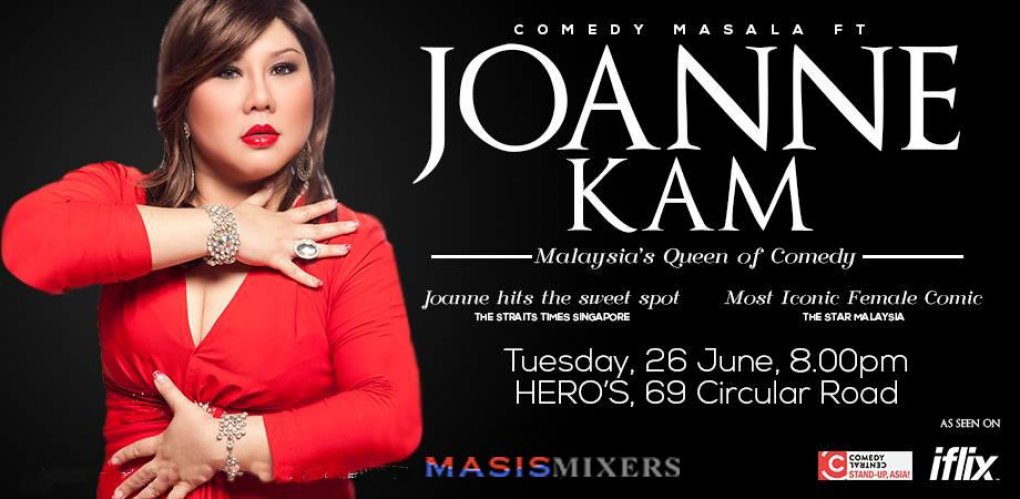 MASIS Mixers With Joanne Kam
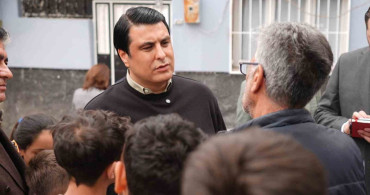 Başkan Yılmaz, Çıksorut ve Umut Mahallelerini Ziyaret Etti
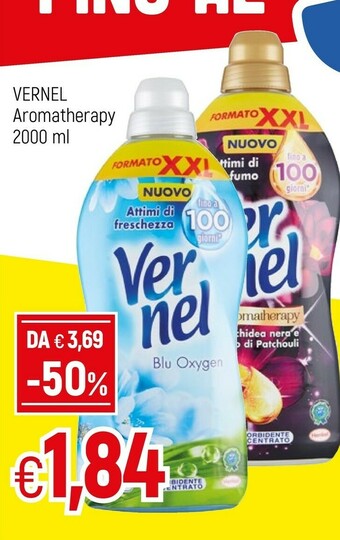 Famila Vernel Aromatherapy offerta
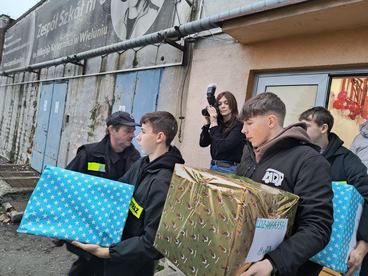 Szlachetna Paczka w powiecie wieluńskim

### YOUR GOAL
Copy only the lines running from the one that holds "Famila Vernel Aromatherapy offerta" through the last line of the data, and include both of those lines. Do not copy any pictures.

### RESULT OF THIS EXERCISE
 Famila Vernel Aromatherapy offerta
 Szlachetna Paczka w powiecie wieluńskim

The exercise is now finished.